1,cache机制简述 1.1 what is direct mapped / fully associative cache / N-way set associative?
The cache is subdivided into subsets of lines. cache line 指在慢速的off-chip dram和快速的on-chip cpu cache间数据传输的最小单位, 一般使用burst mode传输.
1),At one extreme, the cache can be direct mapped , in which case a line in main memory is always stored at the exact same location in the cache.
2),At the other extreme, the cache is fully associative , meaning that any line in memory can be stored at any location in the cache.
3),most caches are to some degree N-way set associative , where any line of main memory can be stored in any one of N lines of the cache. For instance, a line of memory can be stored in two different lines of a two-way set associative cache. (整个cache包含多个set,每个set又包含N个cache line,即所谓的N-way)
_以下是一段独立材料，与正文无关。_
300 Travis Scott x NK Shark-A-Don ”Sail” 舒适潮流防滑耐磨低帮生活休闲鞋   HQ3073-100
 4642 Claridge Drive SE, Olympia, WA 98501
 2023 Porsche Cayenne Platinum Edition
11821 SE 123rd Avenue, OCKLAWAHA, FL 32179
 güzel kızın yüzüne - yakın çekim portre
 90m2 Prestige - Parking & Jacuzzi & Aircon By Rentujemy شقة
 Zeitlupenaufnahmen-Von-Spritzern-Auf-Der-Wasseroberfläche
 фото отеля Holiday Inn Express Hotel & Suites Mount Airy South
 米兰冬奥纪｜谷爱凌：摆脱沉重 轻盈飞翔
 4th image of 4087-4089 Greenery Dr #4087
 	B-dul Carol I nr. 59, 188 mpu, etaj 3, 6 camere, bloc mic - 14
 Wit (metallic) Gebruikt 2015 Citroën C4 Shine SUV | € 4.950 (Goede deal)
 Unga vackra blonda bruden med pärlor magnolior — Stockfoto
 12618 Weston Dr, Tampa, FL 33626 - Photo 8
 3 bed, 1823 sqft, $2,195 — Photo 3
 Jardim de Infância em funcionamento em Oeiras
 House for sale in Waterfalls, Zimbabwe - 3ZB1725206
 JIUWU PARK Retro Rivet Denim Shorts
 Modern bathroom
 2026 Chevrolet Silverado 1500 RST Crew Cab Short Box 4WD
实际的cache实现多使用N-way set associative,只需要对index对应的set中的N个 cache line实现并行的比较器.
1.2 如何映射memory address 到cache? 1.2.1 基本映射机制 memory address被分为以下几个部分:tag + index + offset_in_line. index用于找到对应cache中的哪个set,一般使用取模计算: set_no = index MOD (number of sets in the cache)
virtual address --- not unique .多个进程有同样的地址空间 .we’ll need to include a field identifying the address space in the cache tag to make sure we don’t mix them up. .The same physical location may be described by different addresses in different tasks. In turn, that might lead to the same memory location cached in two different cache entries (cache aliases)
physical address--- .A cache that works purely on physical addresses is easier to manage (we’ll explain why below), but raw program (virtual) addresses are available to start the cache lookup earlier, letting the system run that little bit faster. (physical address 只有在通过mmu对virtual address转化后才可以得到,会更慢一些)
2),Choice of line size: When a cache miss occurs, the whole line must be filled from memory. line size越大,产生数据读取和写入延时越大.
3),Split/unified: I cache / D cache问题. the selection is done purely by function, in that instruction fetches look in the I-cache and data loads/stores in the D-cache. (This means, by the way, that if you try to execute code which the CPU just copied into memory you must both flush those instructions out of the D-cache and ensure they get loaded into the I-cache.)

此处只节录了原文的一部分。